EXERCISE MATERIAL Start Marker

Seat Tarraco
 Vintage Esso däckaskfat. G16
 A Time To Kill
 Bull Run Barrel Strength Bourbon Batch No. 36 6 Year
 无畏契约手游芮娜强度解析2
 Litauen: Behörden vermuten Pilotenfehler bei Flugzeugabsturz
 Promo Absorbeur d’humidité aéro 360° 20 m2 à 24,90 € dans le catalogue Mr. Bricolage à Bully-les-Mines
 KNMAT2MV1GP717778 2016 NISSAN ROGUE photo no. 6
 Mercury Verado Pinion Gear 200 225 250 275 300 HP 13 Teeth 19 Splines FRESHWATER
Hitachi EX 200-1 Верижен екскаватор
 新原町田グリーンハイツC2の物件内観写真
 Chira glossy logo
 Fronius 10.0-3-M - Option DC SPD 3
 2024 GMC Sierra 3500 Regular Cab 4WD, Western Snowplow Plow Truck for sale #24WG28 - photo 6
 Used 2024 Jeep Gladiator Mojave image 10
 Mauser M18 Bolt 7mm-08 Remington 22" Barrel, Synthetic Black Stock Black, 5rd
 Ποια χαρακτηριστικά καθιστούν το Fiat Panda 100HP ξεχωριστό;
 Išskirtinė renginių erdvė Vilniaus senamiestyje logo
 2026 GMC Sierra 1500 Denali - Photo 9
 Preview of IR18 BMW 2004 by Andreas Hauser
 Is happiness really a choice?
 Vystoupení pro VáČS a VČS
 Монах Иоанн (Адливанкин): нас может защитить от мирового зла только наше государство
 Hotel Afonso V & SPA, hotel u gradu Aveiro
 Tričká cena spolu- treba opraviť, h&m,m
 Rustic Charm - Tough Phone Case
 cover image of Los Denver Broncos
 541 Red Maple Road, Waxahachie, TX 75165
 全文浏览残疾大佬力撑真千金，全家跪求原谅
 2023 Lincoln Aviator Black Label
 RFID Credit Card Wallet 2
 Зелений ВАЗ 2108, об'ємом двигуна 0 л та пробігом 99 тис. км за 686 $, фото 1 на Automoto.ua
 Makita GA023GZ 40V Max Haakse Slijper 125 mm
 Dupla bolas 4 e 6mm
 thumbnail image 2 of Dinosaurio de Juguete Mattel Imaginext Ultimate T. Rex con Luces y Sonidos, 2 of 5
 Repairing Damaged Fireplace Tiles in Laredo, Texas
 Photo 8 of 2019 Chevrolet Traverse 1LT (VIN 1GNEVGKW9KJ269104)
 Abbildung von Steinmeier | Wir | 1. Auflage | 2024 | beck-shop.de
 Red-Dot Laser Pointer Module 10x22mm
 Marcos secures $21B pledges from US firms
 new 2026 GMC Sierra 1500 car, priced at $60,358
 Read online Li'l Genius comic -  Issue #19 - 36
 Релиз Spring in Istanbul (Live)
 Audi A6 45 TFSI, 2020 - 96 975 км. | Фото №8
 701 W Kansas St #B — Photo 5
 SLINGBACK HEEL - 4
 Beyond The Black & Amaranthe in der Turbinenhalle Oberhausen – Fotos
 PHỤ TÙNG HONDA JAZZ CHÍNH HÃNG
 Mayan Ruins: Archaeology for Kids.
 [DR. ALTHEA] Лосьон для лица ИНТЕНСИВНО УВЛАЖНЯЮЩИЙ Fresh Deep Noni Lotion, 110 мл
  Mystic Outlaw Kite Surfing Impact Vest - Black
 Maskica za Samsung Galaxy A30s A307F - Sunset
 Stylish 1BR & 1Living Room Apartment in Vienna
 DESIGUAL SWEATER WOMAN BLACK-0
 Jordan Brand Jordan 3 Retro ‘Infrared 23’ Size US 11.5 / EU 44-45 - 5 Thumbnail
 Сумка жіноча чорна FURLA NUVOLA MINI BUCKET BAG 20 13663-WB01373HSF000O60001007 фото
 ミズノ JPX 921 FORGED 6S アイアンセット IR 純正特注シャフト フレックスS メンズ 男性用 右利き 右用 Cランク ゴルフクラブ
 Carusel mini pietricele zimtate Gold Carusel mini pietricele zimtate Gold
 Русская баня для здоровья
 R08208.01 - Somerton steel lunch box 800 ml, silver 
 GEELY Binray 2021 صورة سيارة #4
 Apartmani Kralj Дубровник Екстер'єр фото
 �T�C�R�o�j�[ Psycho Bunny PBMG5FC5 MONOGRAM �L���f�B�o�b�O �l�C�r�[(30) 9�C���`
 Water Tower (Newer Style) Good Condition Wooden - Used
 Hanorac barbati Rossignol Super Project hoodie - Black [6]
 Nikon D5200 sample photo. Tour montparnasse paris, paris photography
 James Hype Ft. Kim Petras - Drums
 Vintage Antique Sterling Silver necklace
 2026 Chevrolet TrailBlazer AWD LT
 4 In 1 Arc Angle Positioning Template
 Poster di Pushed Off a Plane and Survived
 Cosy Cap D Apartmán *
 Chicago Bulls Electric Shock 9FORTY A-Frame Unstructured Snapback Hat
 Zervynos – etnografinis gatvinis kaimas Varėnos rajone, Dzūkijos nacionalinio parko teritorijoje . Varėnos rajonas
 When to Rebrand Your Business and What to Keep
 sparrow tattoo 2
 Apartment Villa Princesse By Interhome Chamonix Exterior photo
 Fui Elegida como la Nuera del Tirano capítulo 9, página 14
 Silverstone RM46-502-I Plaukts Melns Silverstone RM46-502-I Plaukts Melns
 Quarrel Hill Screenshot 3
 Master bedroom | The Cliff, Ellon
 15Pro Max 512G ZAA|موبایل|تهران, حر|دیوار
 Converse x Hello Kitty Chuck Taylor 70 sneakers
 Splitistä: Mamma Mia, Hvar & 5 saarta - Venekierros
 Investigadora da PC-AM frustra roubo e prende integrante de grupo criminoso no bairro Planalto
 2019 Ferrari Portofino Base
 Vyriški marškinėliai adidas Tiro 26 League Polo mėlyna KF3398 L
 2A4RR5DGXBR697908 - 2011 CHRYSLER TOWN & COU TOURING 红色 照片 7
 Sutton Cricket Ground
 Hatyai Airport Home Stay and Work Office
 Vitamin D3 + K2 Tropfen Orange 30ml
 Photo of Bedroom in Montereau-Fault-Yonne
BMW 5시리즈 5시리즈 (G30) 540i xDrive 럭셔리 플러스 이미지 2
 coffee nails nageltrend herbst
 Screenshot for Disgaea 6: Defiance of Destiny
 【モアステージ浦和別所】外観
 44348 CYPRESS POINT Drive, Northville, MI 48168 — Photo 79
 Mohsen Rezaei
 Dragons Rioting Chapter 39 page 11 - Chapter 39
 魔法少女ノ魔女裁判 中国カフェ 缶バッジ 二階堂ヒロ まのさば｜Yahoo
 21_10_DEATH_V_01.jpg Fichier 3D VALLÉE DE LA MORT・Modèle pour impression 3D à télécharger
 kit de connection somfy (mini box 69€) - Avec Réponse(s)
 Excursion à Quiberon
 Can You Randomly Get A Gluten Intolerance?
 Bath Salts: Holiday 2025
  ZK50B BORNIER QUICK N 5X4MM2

EXERCISE MATERIAL End Marker

▶ [DIRECTIONS FOR THIS TASK]:
List each line of the entries that holds the string "logo".

▶ [ANSWER TO THIS PROBLEM]:
 Chira glossy logo
 Išskirtinė renginių erdvė Vilniaus senamiestyje logo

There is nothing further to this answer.